▶ Action item
I'd ask you to write out the lines below exactly, with no images.

▶ Material provided

___

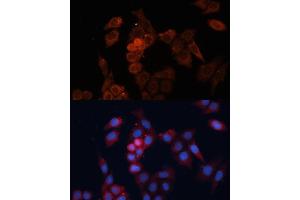Immunofluorescence analysis of HeLa cells using HSP27/HSP27/HSPB1 antibody (ABIN7267568) at dilution of 1:100. (HSP27 antibody  (AA 1-120))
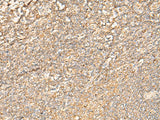 EIF3C Polyclonal Antibody Reactivity Human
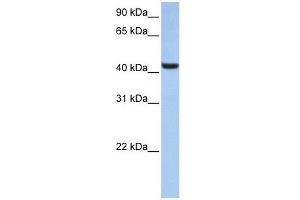 B3GNT7 antibody used at 1 ug/ml to detect target protein. (B3GNT7 抗体  (N-Term))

___

▶ Response for this exercise
Immunofluorescence analysis of HeLa cells using HSP27/HSP27/HSPB1 antibody (ABIN7267568) at dilution of 1:100. (HSP27 antibody  (AA 1-120))
 EIF3C Polyclonal Antibody Reactivity Human
 B3GNT7 antibody used at 1 ug/ml to detect target protein. (B3GNT7 抗体  (N-Term))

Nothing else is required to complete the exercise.